The Maine Community College System is set to receive a $75.5 million influx over five years from a local foundation to invest in its short-term workforce training programs.
The grant from the Harold Alfond Foundation, which supports efforts related to Maine education, community development and health care, is the largest grant in the system’s history, according to an announcement earlier this summer. With the new funding, the system aims to train at least 70,000 workers in the state in industries ranging from allied health fields to welding and logging.
System leaders say the surge of funding comes at a time when employers face significant workforce gaps as aging workers retire and the state confronts a decline in young residents. Maine has the oldest population in the country, with a median age of about 45, according to the U.S. Census Bureau.
“This is truly a transformational investment that will directly benefit Mainers and Maine businesses across the state,” David Daigler, president of the Maine Community College System, said in a press release. “Maine faces persistent workforce shortages across all industries and age groups, and employers are desperate for skilled workers, fast.”
‘The Next Level’
This is the third grant the foundation has given the system to bolster its workforce development. It doled out $3.8 million in 2018 and another $15.5 million in 2021. The second grant was paired with $35.5 million in one-time pandemic relief funds from the state, through the Maine Jobs Recovery Plan, to rapidly expand the seven-college system’s infrastructure for workforce training programs.

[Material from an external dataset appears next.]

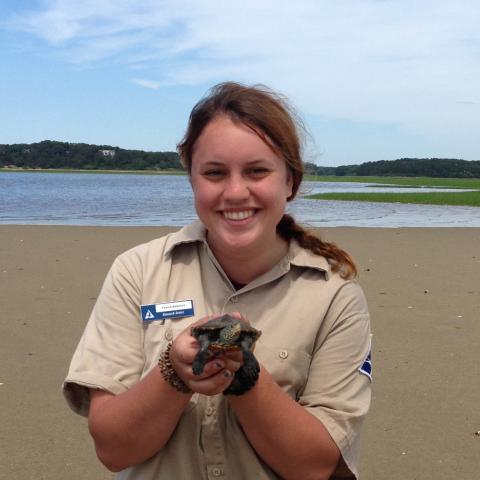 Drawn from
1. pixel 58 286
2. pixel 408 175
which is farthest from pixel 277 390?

The goal was to train 24,000 people over four years, but in less than three years, the system surpassed that threshold, training at least 26,000, said Dan Belyea, the system’s chief workforce development officer. That’s partly because the number of employers who wanted to partner with the colleges to train and upskill their incumbent workers “just exploded,” he said. System leaders hoped to have about 500 employers enter into a compact with the colleges for training by the end of the grant period; the compact now includes about 1,700 employers.
That growth motivated system leaders to think bigger and ask the foundation for more funding.

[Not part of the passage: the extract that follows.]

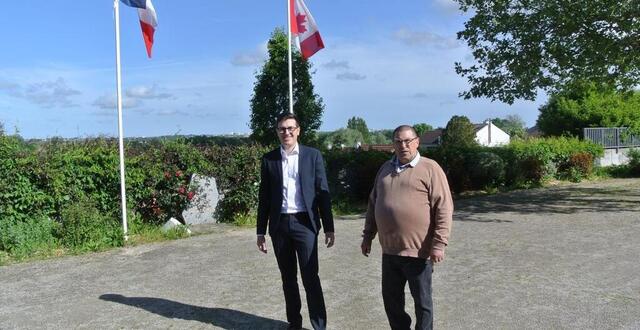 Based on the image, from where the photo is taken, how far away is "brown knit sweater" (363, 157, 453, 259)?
3.97 metres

“We said, ‘Hey, why don’t we go to the next level?’” Belyea said.
The new funding comes at a time when the COVID-19 relief funds that helped ramp up such programs are drying up. The system will now be able to sustain the efforts and continue their growth. The grant will also allow the system to undertake a gap analysis, an assessment of state workforce shortages in the industries their programs serve.

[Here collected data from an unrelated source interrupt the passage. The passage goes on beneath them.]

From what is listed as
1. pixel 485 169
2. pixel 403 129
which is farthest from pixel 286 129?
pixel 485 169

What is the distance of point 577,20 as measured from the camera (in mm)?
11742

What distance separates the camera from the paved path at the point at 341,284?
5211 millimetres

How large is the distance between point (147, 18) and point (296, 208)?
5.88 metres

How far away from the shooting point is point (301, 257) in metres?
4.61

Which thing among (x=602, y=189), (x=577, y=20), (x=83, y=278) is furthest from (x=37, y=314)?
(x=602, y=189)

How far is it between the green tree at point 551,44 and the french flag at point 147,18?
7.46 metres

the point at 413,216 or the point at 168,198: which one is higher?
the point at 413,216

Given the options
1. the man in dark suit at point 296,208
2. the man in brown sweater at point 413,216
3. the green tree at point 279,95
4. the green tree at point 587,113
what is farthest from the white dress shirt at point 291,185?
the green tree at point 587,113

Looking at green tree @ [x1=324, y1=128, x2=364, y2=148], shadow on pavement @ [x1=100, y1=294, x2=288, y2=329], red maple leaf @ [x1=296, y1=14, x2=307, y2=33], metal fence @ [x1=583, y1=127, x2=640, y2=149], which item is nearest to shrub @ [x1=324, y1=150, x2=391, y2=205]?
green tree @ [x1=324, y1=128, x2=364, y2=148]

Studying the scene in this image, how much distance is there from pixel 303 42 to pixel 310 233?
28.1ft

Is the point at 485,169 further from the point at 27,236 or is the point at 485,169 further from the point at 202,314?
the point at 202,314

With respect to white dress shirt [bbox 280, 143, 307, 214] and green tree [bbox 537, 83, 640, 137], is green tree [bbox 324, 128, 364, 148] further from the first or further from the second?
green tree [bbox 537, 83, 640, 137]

“We know that there’s a whole bunch of folks who don’t have the right skills for the jobs that are here,” said Belyea, including some “living paycheck to paycheck” who are looking for better-paying, more stable careers. “We’re providing a bridge or entry point to not only those learners but to the employers who desperately need them. It’s a cool marriage.”
Potential Impact
The colleges offer a wide range of short-term training programs of varying lengths—some as short as a week—and at low or no cost. They’re designed to support both prospective employees and those already in the workforce and looking to enhance their skills.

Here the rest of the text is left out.